De Nooijer continued: “These building blocks are fundamental to drive that approach, and we see the initial results already kicking in because we feel in a much better shape than one or two years ago.”
The total cargo revenue of AF-KLM Martinair is around €2bn, of which the Dutch contribution is €1.1bn. The combined airline is airfreight’s fifth largest global carrier, with a market share of 4.5%.
The Dutch part of the airline accounts for 34% of tonnages at Schiphol, said de Nooijer, while the airport itself is a sizeable freighter hub, with maindeck capacity making up 60% of total annual freight throughput.
The Netherlands, with a population of 17m and the European Union’s 11th largest GDP, has a reputation for being the logistics entrepreneur of Europe, a tradition that Elbers is keen to retain.
“We want to maintain a relevant role. We have seen a gradual reduction of KLM and Martinair’s share of in the Dutch market and generally because of the reduction in freighters.
“You can do two things. You can sit in the corner and say it is terrible and we should have kept the freighters. Or you can say that this is the reality, we cannot have these freighters operating and we should concentrate on the market segments where we can make a difference and where we can make money.
“We have a unique network, with almost 200 destinations and with the facilities here we believe that we can compete.”
Again, it was unusual for the top airline boss to recognise the contribution of cargo to the passenger airline’s network and bottom line.
“These investments are more than just tens of millions, it is part of a bigger change in the company. With a network of our size in a country of our size, we need cargo.
“There is no way to run a network with 200 destinations, and 82 direct long haul destinations, without having cargo. This is nothing new and it is exactly why KLM used to be a strong player in cargo, and by making it even more strongly connected to the network’s development, it is really an important part.”
KLM Martinair has a three-pronged cargo strategy, based on its freighters (four Boeing 747-400Fs at KLM and two Boeing 777Fs at Air France), KLM’s nine Boeing 747-400 Combi aircraft (the last will leave the fleet in 2020) and its alliance partners, such freighter-operating China Southern.
Said Elbers: “After 2020, we will still have the freighters and we will still have our partners. The strength of KLM is the network, and if a customer calls us about a pharma shipment tomorrow to Lima, we can provide it.  And the day after, if they go to Shanghai, we can provide it.  And the day after that, if they go to Rio de Janeiro, and the day after that to Nairobi, we can provide it.”
Elbers added: “The relevance of maindeck is acknowledged, and that is why we will keep it as part of our portfolio, but we can also access it with partners such as China Southern, where we can be more flexible.”
Elbers was equally adamant when it was suggested that the B747-400Fs were elderly and ready for Nevada Desert, saying that discussion about the freighters “was not on the table”, while it was also pointed out that the aircraft, delivered new between 2003 and 2006, have a 25-30 year operational lifetime.  
On the question of its cargo product portfolio, for de Nooijer, the three-six day e-commerce delivery segment should be a key focus for the airlines, leaving the one-three day product to the integrators and anything beyond six days to the postal services.

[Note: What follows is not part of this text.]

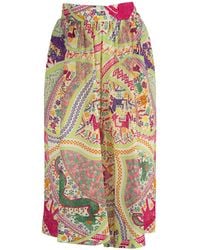 Etro - Tiger And Water Lily Cotton Skirt - Lyst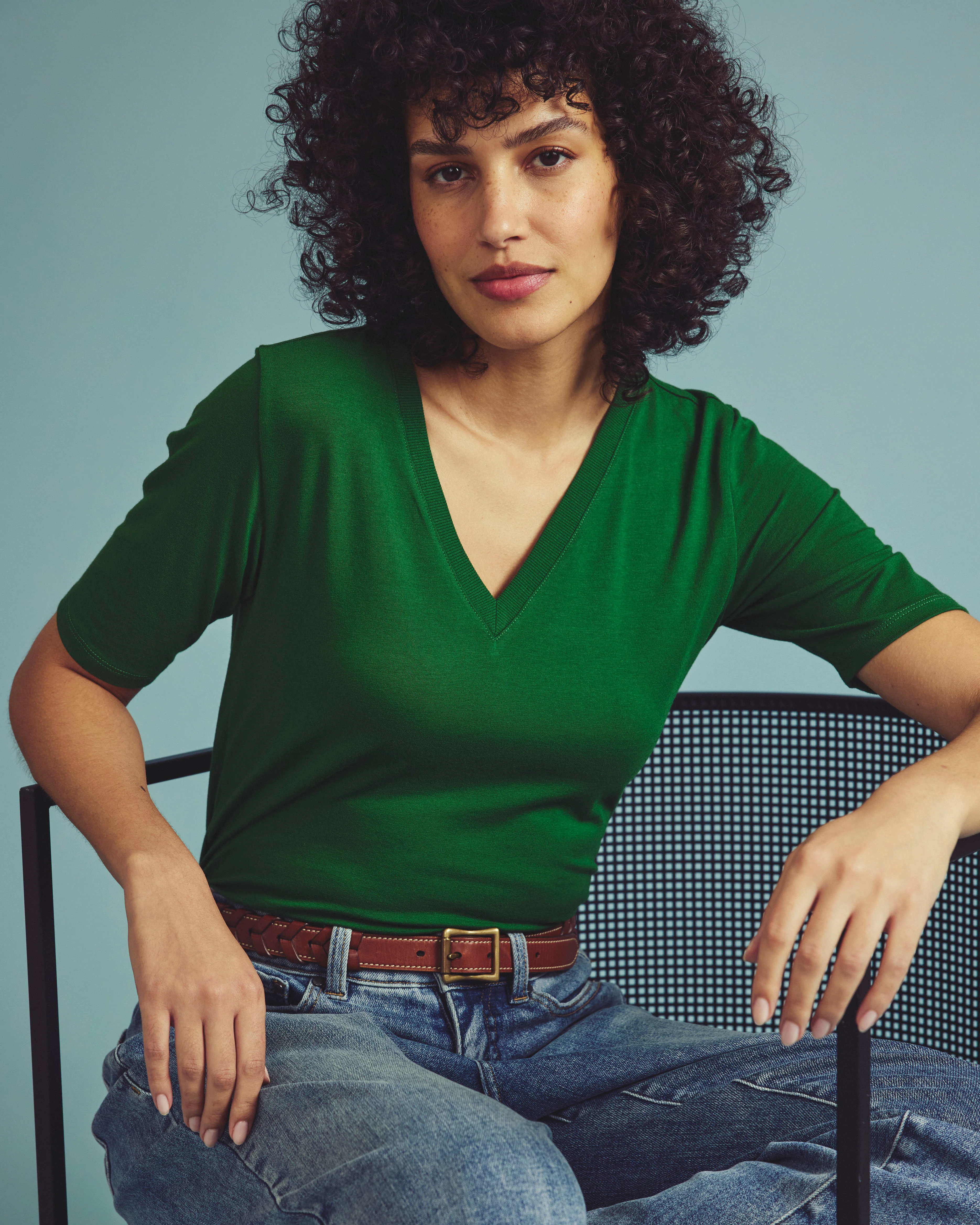Maia Stovepipe Sleeve V Neck Tee - Green Park - Image 2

“It is that middle segment where no one yet has their act together yet, and that is exactly the segment where the airfreight industry has to zoom in, to shape new forms of selective partnerships and to also ensure that the first and last mile requirements are being met.”
KLM has also been working quietly on a European same-day product, with trial shipments in London, Madrid and Stockholm.
De Nooijer revealed little about the product, 12Send, which will have a full roll-out in September.